** PROBLEM STATEMENT **
With the pictures left out, copy the records below exactly from the first line down to the line holding "a hotel room", and include that line.

** DATA EXCERPTS **

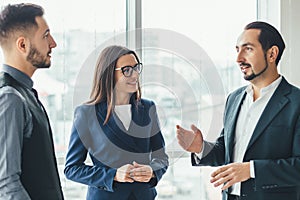 Cheerful work team during break time in office, chatting lively.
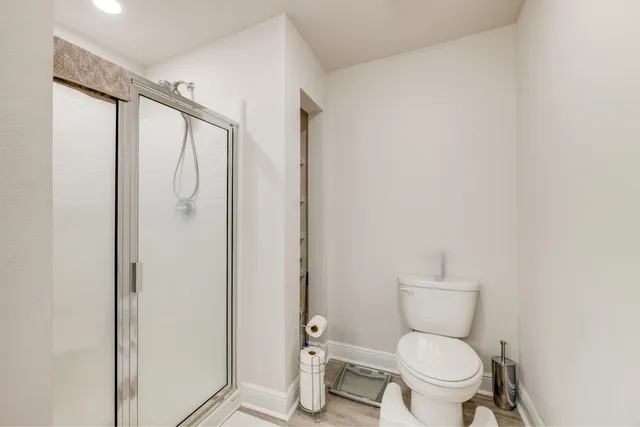 a white toilet sitting next to a shower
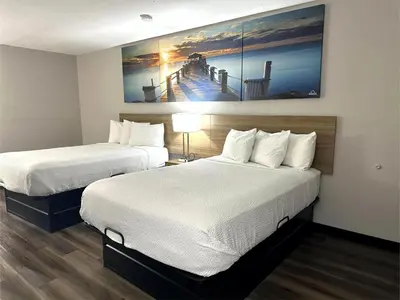 a hotel room with two beds and a painting on the wall at Days Inn by Wyndham Huntington in Pea Ridge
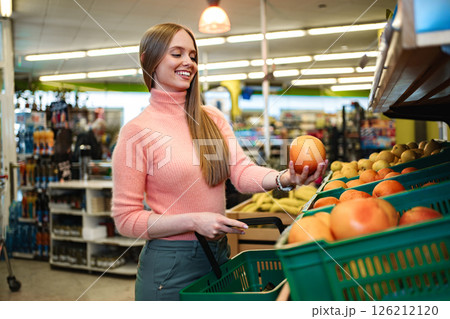 Woman enjoys selecting fresh apples in vibrant grocery store Woman enjoys selecting fresh apples in vibrant grocery store 126212120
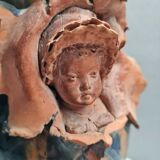Terracotta vase with a child's head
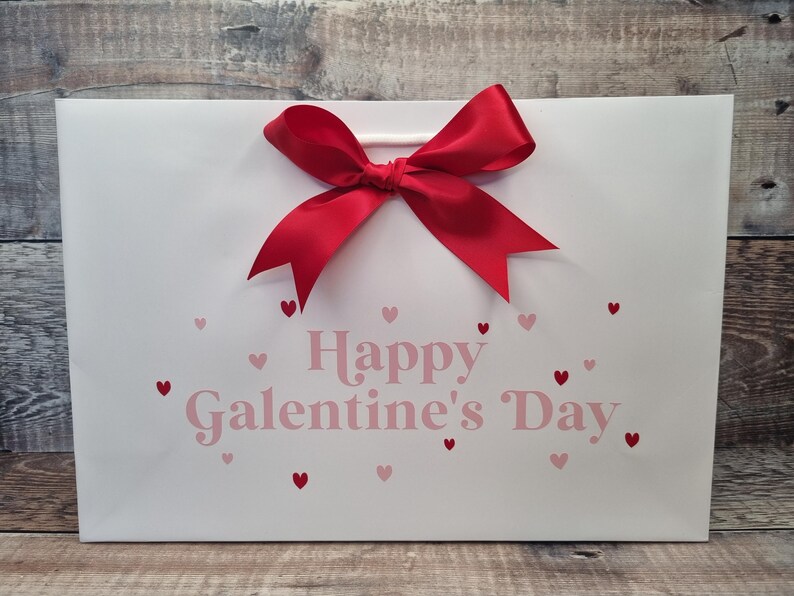 May include: White gift bag with a red bow and the text "Happy Galentine's Day" in pink letters with pink hearts scattered around the text.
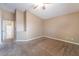 Bedroom with neutral carpeting, high ceilings, and an en-suite bathroom at 2319 Little Italy Ave, North Las Vegas, NV 89031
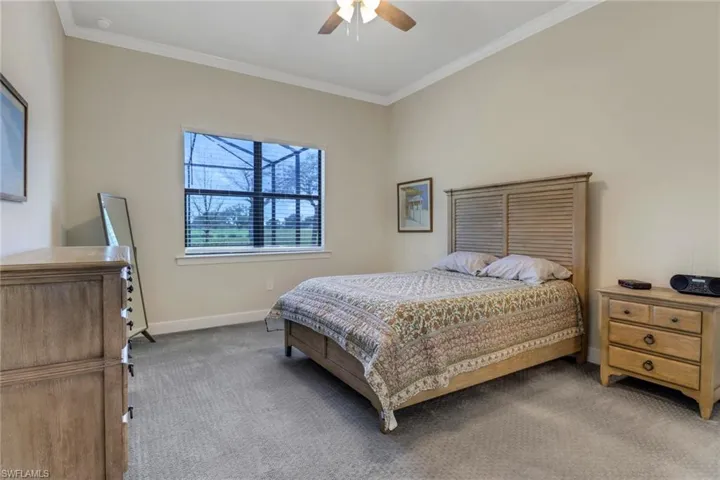 Carpeted bedroom featuring crown molding and ceiling fan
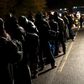 Migrants stay in a queue after crossing the Austrian-German border from Achleiten, Austria, in Passau, Germany, October 29, 2015.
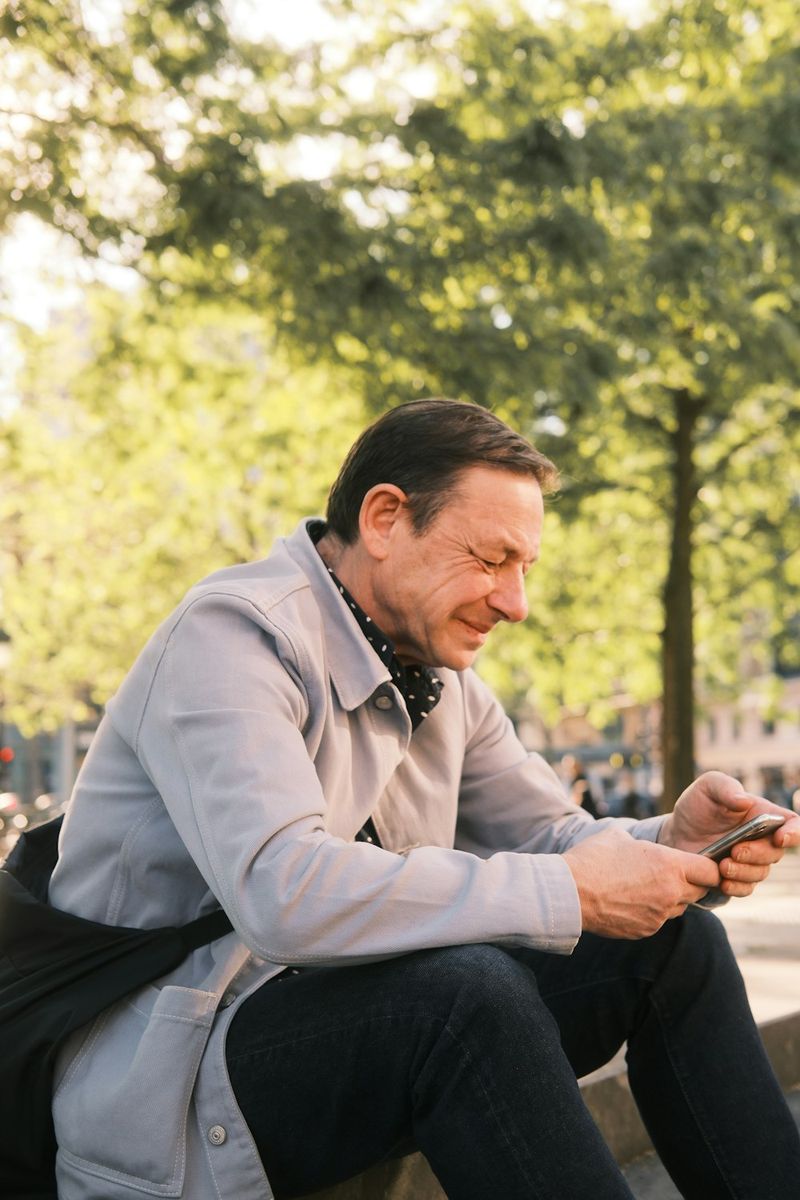 Hombre sonriendo a su celular, sentado en unas escaleras del parque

** ANSWER FOR THIS EXERCISE **
 Cheerful work team during break time in office, chatting lively.
 a white toilet sitting next to a shower
 a hotel room with two beds and a painting on the wall at Days Inn by Wyndham Huntington in Pea Ridge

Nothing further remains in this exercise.